DDN Launches EXA5 for AI, Big Data, HPC Workloads

By Doug Black

June 17, 2019

DDN, for two decades competing at the headwaters of high performance storage, this morning announced an enterprise-oriented end-to-end high performance storage and data management for AI, big data and HPC acceleration. In so doing, the company said it’s bringing to the burgeoning enterprise market for AI some of the transferable capabilities – with an emphasis on small file speed-ups required in AI workloads –that the company has developed for HPC.

Launched here at the ISC High Performance Conference in Frankfurt, EXA5 is the newest version of DDN’s EXAscaler Storage, designed to make the EXAscaler infrastructure easier to consume by offering what the company said are deeper integrations into AI and HPC ecosystems through simpler implementation and scaling models, visibility into workflows and global data management features.

DDN said EXA5 allows for scaling either with flash or with a hybrid approach “offering flexible scaling according to needs with the performance of flash or the economics of HDDs.” EXA5 is compatible with DDN’s AI pre-configured A3I storage appliances, reducing deployment time, the company said. Together they provide benchmarking, documentation and qualification with AI and GPU environments.

“We’re looking to eliminate some of that sprawl going on at the back end,” Kurt Kuckein, DDN director of marketing, told us. “Data lakes and distributed types of architectures with tightly coupled compute and storage are not able to drive the performance needed, and some archived solutions out there are too deep to be accessible. So what we’ve done is deliver exceptional performance while managing the cost profile, whether it’s cost per gigabyte served or cost per gigabyte stored on the back end.”

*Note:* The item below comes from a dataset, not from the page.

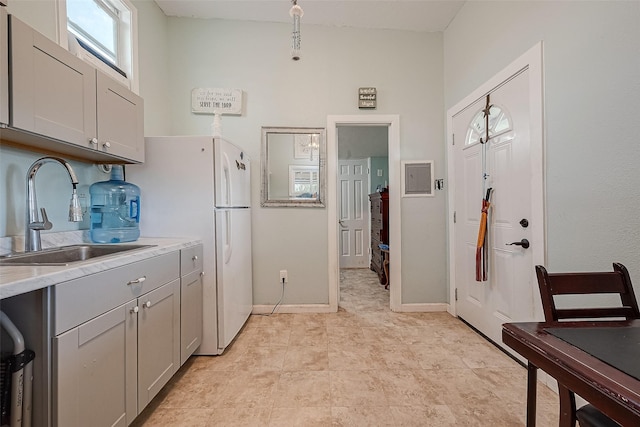 2087 Rd 5210, Cleveland, TX 77327 - kitchen featuring a sink, light countertops, gray cabinetry, freestanding refrigerator, and baseboards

DDN’s objective, Kuckein said, is coupling best-in-class technologies, “extracting the ultimate value out of emergent architectures. “We hear about organizations frustrated, for example, by high end NVME systems, you put a file system in front of it and the performance would be cut in half.”

EXA5 features and capabilities include:

Strategem is DDN’s integrated policy engine for flash tiering with data management capabilities that DDN said enables users to manage most active data to scale-out flash tiers from scale-out hard disc drive (HDD) tiers. It also controls free space on flash, responding to changing demands and scanning storage devices directly to find target files.

Integration with DDN Insight for real-time analysis providing visibility into software and appliances for monitoring of DDN EXAScaler GRIDScaler, SFA and IME platforms, Insight is designed to “derive the most value from storage infrastructures and sorts running jobs by metadata activity and throughput operations,” the company said. DDN Insight identifies problem jobs, resolves performance issues and it is scalable, allowing for open back-end database and integration with other systems and switches to cope with millions of stats per second, according to DDN.

Gateway – DDN’s NAS type interface allows non-native DDN Lustre users to export file systems through DDN CIFS and NFS gateways, “providing another avenue to get access to high performance data,” the company said, “the supportive and robust solution can scale horizontally as needed to maintain consistency and lock semantics with Linux/Unix and Windows systems.

Small File Acceleration – Complementary to DDN’s granular metadata scaling capabilities, EXA5 has been built to improve scaling across EXAScaler servers, allowing efficient application of flash to small files while expanding the domain of file sizes from a few KB to multiple MB, according to DDN.

Kuckein said DDN’s small file performance is central to DDN’s efforts to enabling enterprise AI adoption.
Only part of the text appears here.